Read more: Surf and Turf: How Seaweed Helps Cows Become Better Climate Citizens

The impact beyond Europe

Climate campaigners also worry about the wider signal that the move sends on the urgency of phasing out gas. The E.U. has presented itself as a climate leader for the world in recent years, says Marie Toussaint, a Green MEP from France. “If we then say natural gas can be a sustainable investment, the message that other countries get is that it’s still okay to keep producing gas for many years,” she says, adding that other governments may follow the E.U.’s example but fail to impose the same limiting conditions on gas investments.

Analysts say policy makers in South Korea followed the E.U.’s discussion closely when drafting their own sustainable energy taxonomy, published in December, which also classifies natural gas as a transitional fuel.

And, though the taxonomy is meant only as advice to the private sector, Toussaint says she sees its influence in other E.U. legislation that lawmakers are reviewing as part of the European Green Deal.
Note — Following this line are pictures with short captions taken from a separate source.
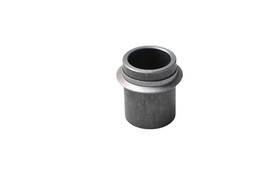 2fj-25117-00-00 Yamaha New Oem Spacer Bearing Nos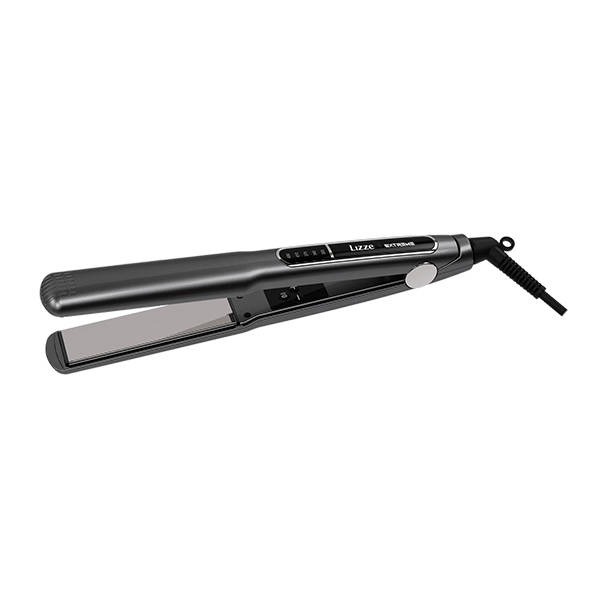 Lizze Extreme Flat hair iron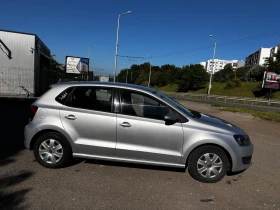 VW Polo, снимка 3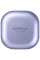 Căști Samsung Galaxy Buds Pro, Violet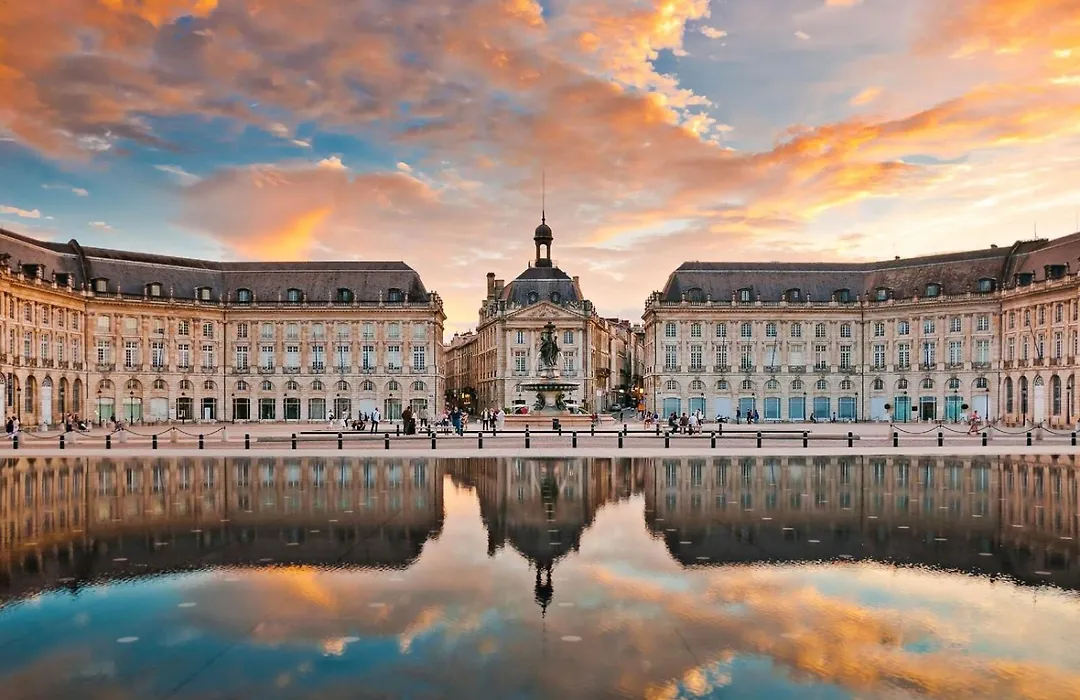Maison Fredon Bordeaux Centre-1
The European Investment Bank also aligns its lending with the taxonomy.

For Dalunde, the Swedish MEP, a taxonomy that includes natural gas is a wasted opportunity to deliver the level of climate ambition the world urgently needs. “This taxonomy had the potential to be one of the most consequential decisions that we take on climate change, not only for Europe, but globally, because other nations will take inspiration from it,” says Dalunde. “It could have been a quiet revolution. But the inclusion of fossil gas would really undermine that.”